I metalli delle terre rare (REM) occupano senza dubbio un ruolo centrale in una serie di dispositivi tecnologici essenziali la decarbonizzazione. Dai motori elettrici degli EV ai parchi eolici offshore, i REM sono indispensabili per produrre questi sistemi attraverso la fabbricazione e l’utilizzo dei magneti permanenti. Si prevede, quindi, con la progressiva penetrazione e utilizzo dei magneti in questi sub-sistemi (motori e turbine) che la domanda di questi materiali aumenterà di sei volte secondo le più recenti stime dell’International Energy Agency (IEA).

La Cina è il fornitore dominante di REM sul mercato globale, con circa l'85-95% dell'offerta totale dalla fine degli anni '90. Pechino, grazie ad una politica industriale e al supporto dello Stato, ha identificato nelle ‘terre rare’ materiali strategici per perseguire i propri obiettivi tecno-industriali, ma anche per catturare progressivamente maggior valor aggiunto dalla ricchezza del suo sottosuolo, ovvero circa il 32% delle riserve mondiali (una percentuale comunque diminuita nel corso dell’ultimo decennio in seguito alle attività esplorative condotte dall’Occidente per ridurre questa percepita dipendenza). Qualsiasi riflessione su quest’industria, che rimane per scala (la Cina è e rimarrà nel breve-medio periodo il più grande consumatore di REM), know-how e mercato end-use fortemente concentrata in Cina, non può non partire da una riflessione sulle difficoltà di ricostruire una supply chain integrata in Occidente. Attualmente, la Cina estrae circa il 58% dell’offerta globale di concentrati di terre rare dai minerali ospitanti, ma ne raffina e separa in singoli ossidi (REO) circa il 90% per poi essere utilizzati, dopo complesse tecniche di metallizzazione, come input cruciali (parliamo di neodimio, praseodimio, disprosio e terbio utilizzati in leghe metalliche insieme a boro e acciaio) per la fabbricazione dei magneti permanenti. Da un punto di vista prettamente economico, circa il 90% del valore delle terre rare viene realizzato nelle fasi di raffinazione, con margini di profitto che aumentano di molto poco nelle fasi successive. Il 92% della capacità produttiva di magneti – seppur non tutti di elevatissima qualità, che rimane una nicchia di specializzazione delle aziende giapponesi che ne detengono i brevetti originari – è localizzata in Cina (circa 300.000 tonnellate nel 2023) con il grosso delle attività controllate dalle industrie cinesi e una serie di impianti anche di produttori europei e nord-americani.

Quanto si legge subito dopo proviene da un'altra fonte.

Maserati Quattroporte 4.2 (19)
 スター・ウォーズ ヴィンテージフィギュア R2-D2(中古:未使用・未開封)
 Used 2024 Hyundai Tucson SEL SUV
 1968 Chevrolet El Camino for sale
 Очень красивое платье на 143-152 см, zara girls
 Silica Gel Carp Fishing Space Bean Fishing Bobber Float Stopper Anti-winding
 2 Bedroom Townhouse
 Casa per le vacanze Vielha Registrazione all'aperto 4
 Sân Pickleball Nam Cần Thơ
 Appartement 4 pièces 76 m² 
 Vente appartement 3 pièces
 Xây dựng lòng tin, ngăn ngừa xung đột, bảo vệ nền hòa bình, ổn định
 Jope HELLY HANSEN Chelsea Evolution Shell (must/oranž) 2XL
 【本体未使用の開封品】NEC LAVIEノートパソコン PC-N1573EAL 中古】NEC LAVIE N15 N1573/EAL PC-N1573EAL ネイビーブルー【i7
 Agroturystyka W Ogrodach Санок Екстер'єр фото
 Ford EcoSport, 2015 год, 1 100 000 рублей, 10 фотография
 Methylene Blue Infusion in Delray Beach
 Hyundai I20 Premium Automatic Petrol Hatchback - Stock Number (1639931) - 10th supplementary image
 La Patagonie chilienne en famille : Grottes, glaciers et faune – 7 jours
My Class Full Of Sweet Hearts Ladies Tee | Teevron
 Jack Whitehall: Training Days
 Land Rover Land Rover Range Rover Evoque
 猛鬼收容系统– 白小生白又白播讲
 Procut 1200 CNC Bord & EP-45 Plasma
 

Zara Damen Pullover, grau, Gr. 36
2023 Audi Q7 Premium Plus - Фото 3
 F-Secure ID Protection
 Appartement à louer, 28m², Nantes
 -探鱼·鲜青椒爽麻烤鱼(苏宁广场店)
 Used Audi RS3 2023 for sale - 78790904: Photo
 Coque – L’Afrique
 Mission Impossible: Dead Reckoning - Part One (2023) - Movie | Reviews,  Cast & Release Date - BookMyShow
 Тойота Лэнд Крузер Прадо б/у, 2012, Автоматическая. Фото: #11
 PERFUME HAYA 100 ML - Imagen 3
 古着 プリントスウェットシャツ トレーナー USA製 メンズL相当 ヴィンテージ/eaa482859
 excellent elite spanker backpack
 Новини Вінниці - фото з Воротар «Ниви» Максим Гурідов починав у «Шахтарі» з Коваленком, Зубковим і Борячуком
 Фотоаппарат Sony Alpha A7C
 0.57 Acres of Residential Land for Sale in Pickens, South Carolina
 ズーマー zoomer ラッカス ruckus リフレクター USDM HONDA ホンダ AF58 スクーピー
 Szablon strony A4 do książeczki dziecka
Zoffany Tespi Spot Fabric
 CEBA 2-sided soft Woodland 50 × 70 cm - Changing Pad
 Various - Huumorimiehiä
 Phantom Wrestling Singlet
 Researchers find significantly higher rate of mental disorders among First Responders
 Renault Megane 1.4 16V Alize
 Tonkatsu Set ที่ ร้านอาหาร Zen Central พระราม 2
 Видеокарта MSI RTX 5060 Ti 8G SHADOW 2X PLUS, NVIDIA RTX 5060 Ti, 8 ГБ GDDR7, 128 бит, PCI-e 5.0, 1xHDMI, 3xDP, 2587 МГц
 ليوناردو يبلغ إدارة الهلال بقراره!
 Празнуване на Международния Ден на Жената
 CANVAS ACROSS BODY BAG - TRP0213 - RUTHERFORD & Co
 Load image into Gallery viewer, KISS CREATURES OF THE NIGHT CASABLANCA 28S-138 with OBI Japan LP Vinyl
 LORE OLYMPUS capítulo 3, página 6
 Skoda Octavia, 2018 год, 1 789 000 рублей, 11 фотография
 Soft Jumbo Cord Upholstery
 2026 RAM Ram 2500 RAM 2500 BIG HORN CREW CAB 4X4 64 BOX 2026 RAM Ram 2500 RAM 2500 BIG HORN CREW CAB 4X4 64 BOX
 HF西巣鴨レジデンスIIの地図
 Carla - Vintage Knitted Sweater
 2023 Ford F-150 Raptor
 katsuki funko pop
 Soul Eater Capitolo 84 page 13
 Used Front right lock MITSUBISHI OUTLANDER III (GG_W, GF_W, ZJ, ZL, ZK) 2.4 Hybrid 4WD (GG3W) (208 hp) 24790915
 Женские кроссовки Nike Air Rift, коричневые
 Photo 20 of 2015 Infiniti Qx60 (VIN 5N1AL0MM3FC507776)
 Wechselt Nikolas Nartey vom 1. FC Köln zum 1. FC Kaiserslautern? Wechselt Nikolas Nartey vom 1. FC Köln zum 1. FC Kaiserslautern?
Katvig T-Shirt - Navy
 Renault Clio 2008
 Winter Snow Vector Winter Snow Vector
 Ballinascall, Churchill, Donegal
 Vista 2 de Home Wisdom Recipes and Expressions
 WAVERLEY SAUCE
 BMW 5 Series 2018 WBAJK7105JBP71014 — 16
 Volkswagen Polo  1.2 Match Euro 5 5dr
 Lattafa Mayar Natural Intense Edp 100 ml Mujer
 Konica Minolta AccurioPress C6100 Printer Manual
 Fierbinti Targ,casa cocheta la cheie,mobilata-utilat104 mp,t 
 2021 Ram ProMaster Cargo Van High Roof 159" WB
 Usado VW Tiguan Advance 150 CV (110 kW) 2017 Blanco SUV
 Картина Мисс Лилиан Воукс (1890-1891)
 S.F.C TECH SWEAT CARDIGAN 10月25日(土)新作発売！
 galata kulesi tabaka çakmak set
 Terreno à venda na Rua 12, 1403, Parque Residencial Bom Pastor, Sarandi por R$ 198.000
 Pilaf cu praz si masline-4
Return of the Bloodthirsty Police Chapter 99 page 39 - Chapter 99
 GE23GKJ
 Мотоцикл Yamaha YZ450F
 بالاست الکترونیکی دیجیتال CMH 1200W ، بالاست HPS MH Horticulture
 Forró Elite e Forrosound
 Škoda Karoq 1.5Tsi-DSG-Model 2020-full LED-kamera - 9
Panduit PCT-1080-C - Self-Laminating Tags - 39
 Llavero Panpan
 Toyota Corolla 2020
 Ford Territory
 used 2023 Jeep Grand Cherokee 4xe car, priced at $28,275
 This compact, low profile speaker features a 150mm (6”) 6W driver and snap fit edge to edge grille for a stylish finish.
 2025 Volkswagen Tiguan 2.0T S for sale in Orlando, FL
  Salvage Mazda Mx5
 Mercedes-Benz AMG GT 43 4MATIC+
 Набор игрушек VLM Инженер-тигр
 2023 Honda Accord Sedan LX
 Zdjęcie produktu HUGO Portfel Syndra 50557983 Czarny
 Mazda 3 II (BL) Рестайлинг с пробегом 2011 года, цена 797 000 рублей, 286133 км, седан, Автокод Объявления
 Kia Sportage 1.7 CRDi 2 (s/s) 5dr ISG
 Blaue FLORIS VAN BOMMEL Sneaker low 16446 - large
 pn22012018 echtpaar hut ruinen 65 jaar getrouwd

Il controllo della Cina sulle catene di approvvigionamento di REM ha suscitato la preoccupazione che Pechino possa utilizzare il controllo di queste materie prime critiche per scopi geopolitici. Nel 2010, in seguito ad una disputa territoriale tra Pechino e Tokyo sulla sovranità delle isole Senkaku/Diaoyu e in modalità che rimangono tuttora non chiarissime, la Cina impose un blocco delle esportazioni verso il Giappone, provocando la reazione isterica dei mercati con aumenti esponenziali dei prezzi di alcuni metalli come disprosio e neodimio. Questo ricorso storico è più volte citato dagli addetti ai lavori ed è diventato probabilmente l’evento che ha riportato in auge, in Occidente, una riflessione sulla natura di questa dipendenza e l’avvento degli studi sulla ‘criticità’ delle materie prime. Per quanto concerne l’industria delle REM, e nel contesto di crescenti tensioni tra Stati Uniti e Cina nel comparto dei semiconduttori che hanno spinto quest’ultima a reagire con controlli e licenze sull’export di materiali semiconduttori, come gallio e germanio, e più di recente con la grafite, queste preoccupazioni si sono rivelate esagerate e hanno in qualche modo oscurato quali sono le reali difficoltà nel cosiddetto decoupling. A differenza dei tre materiali citati, come vedremo, nel caso delle terre rare la dipendenza si è ormai consolidata a valle della filiera. Il paradosso è che per recuperare terreno nei segmenti dowstream ad alto contenuto tecnologico – come i magneti – la dipendenza dalla Cina, che controlla il 100% delle forniture di disprosio (cruciale per fabbricare magneti ad alta coercività, in grado di resistere alla de-magnetizzazione in sistemi ad alto potenziale come i motori elettrici) potrebbe a quel punto diventare davvero reale nelle fasi più upstream.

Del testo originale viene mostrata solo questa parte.